Khoirul Anwar mengungkapkan bagaimana homoseksualitas dalam perspektif Islam yang pada hakikatnya sangat familiar di jaman Nabi Muhammad, dan bahkan mempersilahkan beberapa yang disebut sebagai “khuntsa” untuk dapat berinteraksi dengan para istri rosul namun ketika mendapati ada “Khutsa palsu” dimana seseorang yang berpura-pura berperilaku feminin namun pada hakikatnya sebenarnya tetap seseorang yang merasa memiliki nafsu terhadap perempuan dan bagi orang-orang yang seperti inilah yang dilaknanti.
Menurut para sarjana Islam pun pada hakikatnya memiliki beberapa pendapat yang berbeda, salah satu Ulama yang memberikan ruang terhadap homoseksualitas adalah Abu Hanifah yang menganggap bahwa seseorang yang melakukan liwath tidak diberikan sangsi kusus, bahkan bagi mereka yang Lesbian yang disebut As Shihaq tidak ada ada penentuan hukuman tertentu.
Ibu Hasta (Panggilan akrab Hastaning Sakti) mengungkapkan bahwa persoalan LGBT ini bukan lagi pada tataran Psikologi, namun justru berada pada tataran neurologi atau andrologi karena memang mekanisme otak yang saat kehamilan telah memiliki “Blueprint” semacam itu.

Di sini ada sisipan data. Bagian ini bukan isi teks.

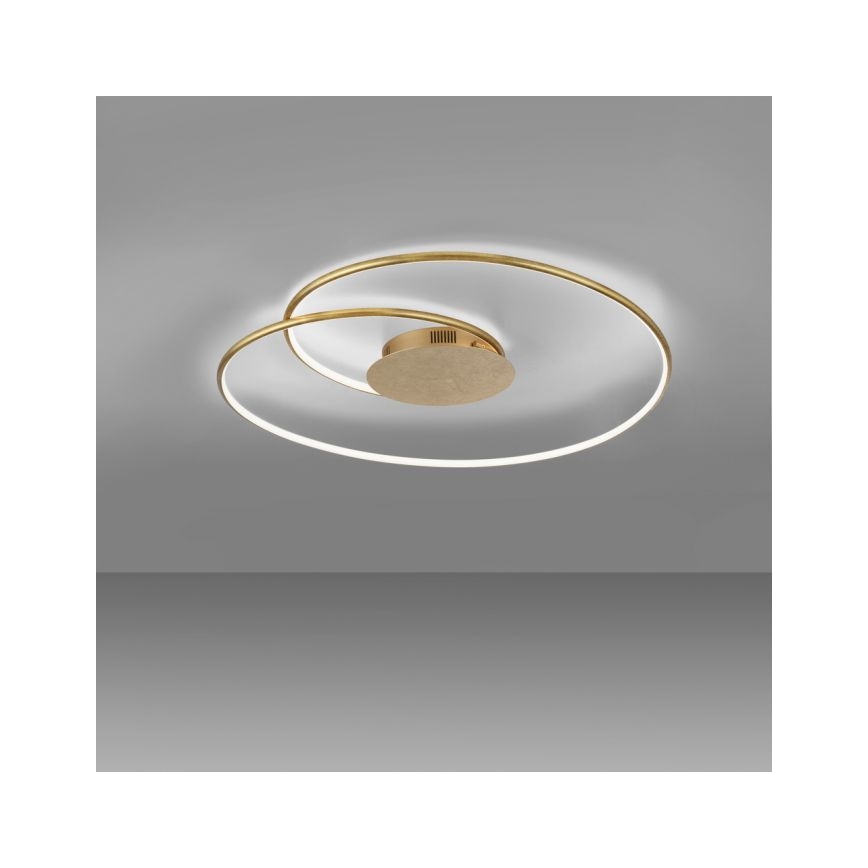 Paul Neuhaus 6189-12 - Plafoniera LED dimmerabile NASTRO LED/26W/230V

Permasalahan LGBT hanya akan menjadi persoalan psikologi ketika mendapatkan tekanan dari lingkungan, ketika lingkungan tidak dapat memberikan ruang yang cukup luas bagi LGBT dalam mengenali identitasnya.
Selama Bu Hasta melakukan proses pendampingan, justru momen yang terpenting adalah ketika mereka yang LGBT berusaha untuk coming in dengan dirinya, itu butuh proses yang sangat sulit bahkan banyak diantara mereka yang berusaha melakukan upaya bunuh diri.
Sudah saatnya masyarakat mulai dididik untuk menerima perbedaan termasuk dalam perbedaan orientasi seksual, pendampingan juga bukan hanya dilakukan untuk LGBT namun juga justru kepada para keluarga LGBT terutama para orang tua LGBT untuk dapat menerima pendampingan psikologis. Ada ide untuk dapat mengumpulkan mereka dalam satu forum lalu masing-masing dilakukan pendalaman dengan memberikan ruang untuk mencurahkan isi hati dari masing-masing orang tua.